Bovenal hoopt ze een buffer op te werpen tegen de grote multinationals met hun uitgekiende marketing: zakken met hun merk zaad en pesticiden zijn overal in India op muren geschilderd, bij wijze van reclame. Dat klinkt romantisch, maar de gevolgen zijn volgens Shiva niet zo romantisch. Want wat willen boeren wereldwijd? Allemaal hebben ze hetzelfde doel: een tractor, een grotere oogst en meer productie. Omdat hen een verhoogde opbrengst wordt beloofd, kopen ze de dure zaden met geld van de bank. Die zaden zijn zó uitgekiend dat zonder het gebruik van de pesticiden, van dezelfde firma’s, de oogst vermindert. Wereldwijd raken zo boeren in een vicieuze cirkel van schuld, met verstrekkende gevolgen. De multinationals kennen geen scrupules, ze weigeren elke verantwoordelijkheid en blijven hun producten wereldwijd promoten.

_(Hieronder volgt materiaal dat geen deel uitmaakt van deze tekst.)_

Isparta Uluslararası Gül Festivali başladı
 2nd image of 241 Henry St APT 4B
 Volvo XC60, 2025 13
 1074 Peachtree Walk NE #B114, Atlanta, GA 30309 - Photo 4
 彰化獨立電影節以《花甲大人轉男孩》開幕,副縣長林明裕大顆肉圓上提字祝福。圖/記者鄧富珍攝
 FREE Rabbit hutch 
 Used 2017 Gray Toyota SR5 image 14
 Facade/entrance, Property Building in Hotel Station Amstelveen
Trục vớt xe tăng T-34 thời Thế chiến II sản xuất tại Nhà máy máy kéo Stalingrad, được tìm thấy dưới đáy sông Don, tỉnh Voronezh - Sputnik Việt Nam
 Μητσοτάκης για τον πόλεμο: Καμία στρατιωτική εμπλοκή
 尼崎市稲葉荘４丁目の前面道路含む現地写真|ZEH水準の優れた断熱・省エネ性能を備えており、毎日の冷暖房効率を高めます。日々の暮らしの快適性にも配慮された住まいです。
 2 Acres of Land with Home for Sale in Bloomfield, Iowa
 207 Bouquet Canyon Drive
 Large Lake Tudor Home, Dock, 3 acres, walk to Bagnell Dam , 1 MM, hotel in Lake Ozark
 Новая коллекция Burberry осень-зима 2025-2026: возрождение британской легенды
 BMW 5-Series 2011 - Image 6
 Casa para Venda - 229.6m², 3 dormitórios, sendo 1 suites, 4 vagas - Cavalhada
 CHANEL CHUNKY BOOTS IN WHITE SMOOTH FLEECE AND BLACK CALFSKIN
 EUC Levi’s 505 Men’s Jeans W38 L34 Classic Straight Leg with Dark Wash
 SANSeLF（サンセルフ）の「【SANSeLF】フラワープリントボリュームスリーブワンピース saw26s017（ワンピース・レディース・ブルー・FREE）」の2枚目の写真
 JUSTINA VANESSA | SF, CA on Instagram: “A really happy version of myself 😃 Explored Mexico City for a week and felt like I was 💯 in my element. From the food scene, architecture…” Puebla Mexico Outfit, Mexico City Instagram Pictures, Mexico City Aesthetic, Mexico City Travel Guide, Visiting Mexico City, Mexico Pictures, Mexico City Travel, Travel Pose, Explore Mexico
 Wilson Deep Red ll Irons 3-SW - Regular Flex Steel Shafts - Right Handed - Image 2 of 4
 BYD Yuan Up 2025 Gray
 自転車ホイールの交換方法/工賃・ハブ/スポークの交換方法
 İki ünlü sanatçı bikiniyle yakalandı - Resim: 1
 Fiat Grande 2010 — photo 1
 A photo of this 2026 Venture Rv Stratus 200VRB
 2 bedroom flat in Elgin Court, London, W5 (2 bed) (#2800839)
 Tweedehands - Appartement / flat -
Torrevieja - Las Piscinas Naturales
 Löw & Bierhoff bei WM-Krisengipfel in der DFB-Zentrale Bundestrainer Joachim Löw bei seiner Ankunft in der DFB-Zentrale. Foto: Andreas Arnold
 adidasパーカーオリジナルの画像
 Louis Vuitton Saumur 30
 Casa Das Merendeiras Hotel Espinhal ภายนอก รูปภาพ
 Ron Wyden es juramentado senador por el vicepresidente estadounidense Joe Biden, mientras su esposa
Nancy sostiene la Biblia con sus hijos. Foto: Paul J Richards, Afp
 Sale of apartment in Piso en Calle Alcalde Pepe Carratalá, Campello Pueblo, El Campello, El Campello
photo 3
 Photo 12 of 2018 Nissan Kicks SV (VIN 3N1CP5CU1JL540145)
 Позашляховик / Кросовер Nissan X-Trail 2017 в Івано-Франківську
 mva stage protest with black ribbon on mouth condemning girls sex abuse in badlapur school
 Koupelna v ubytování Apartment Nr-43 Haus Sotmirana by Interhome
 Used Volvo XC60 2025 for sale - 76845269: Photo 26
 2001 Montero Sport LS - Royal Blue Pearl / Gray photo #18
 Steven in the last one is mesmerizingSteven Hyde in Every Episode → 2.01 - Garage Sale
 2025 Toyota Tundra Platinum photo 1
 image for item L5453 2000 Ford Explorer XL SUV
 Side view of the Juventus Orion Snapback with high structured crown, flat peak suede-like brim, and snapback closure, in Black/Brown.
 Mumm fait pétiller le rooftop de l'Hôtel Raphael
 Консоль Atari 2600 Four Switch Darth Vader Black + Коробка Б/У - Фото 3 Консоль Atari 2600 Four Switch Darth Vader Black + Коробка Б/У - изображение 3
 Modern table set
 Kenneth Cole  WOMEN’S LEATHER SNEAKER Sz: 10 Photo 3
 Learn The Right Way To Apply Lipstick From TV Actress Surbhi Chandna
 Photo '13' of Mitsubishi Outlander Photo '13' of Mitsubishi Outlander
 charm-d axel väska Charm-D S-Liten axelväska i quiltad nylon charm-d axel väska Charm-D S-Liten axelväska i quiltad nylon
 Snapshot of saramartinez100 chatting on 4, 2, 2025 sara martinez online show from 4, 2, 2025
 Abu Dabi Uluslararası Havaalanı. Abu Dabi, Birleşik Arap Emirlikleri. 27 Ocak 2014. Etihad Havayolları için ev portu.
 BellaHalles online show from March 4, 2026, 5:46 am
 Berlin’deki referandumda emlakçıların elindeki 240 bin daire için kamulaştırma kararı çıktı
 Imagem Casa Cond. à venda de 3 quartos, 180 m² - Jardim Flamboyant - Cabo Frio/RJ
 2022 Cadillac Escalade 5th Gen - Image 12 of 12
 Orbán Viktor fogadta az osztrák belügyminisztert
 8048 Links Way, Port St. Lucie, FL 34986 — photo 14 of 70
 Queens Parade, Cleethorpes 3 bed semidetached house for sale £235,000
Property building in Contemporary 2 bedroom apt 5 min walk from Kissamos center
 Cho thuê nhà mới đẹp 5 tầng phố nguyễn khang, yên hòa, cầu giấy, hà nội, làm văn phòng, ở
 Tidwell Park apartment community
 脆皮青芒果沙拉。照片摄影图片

Shiva gaat wereldwijd de discussie aan, goedlachs en niet van de wijs te brengen. Ze is ervan overtuigt dat de GM-technologie boeren wereldwijd alleen maar uitzicht geeft op verpaupering. In Brussel zet ze alle bureaucraten in hun hemd, als ze een al tien jaar slepende zaak wint bij het European Patent Office over het patent aanvragen op onderdelen van de natuur. Concerns proberen op die manier de boeren het vruchtgebruik van de natuur te ontzeggen. Shiva noemt het aanranding, met gevolgen voor de hele civilisatie op de lange termijn. De natuur is niet te koop of te bureaucratiseren.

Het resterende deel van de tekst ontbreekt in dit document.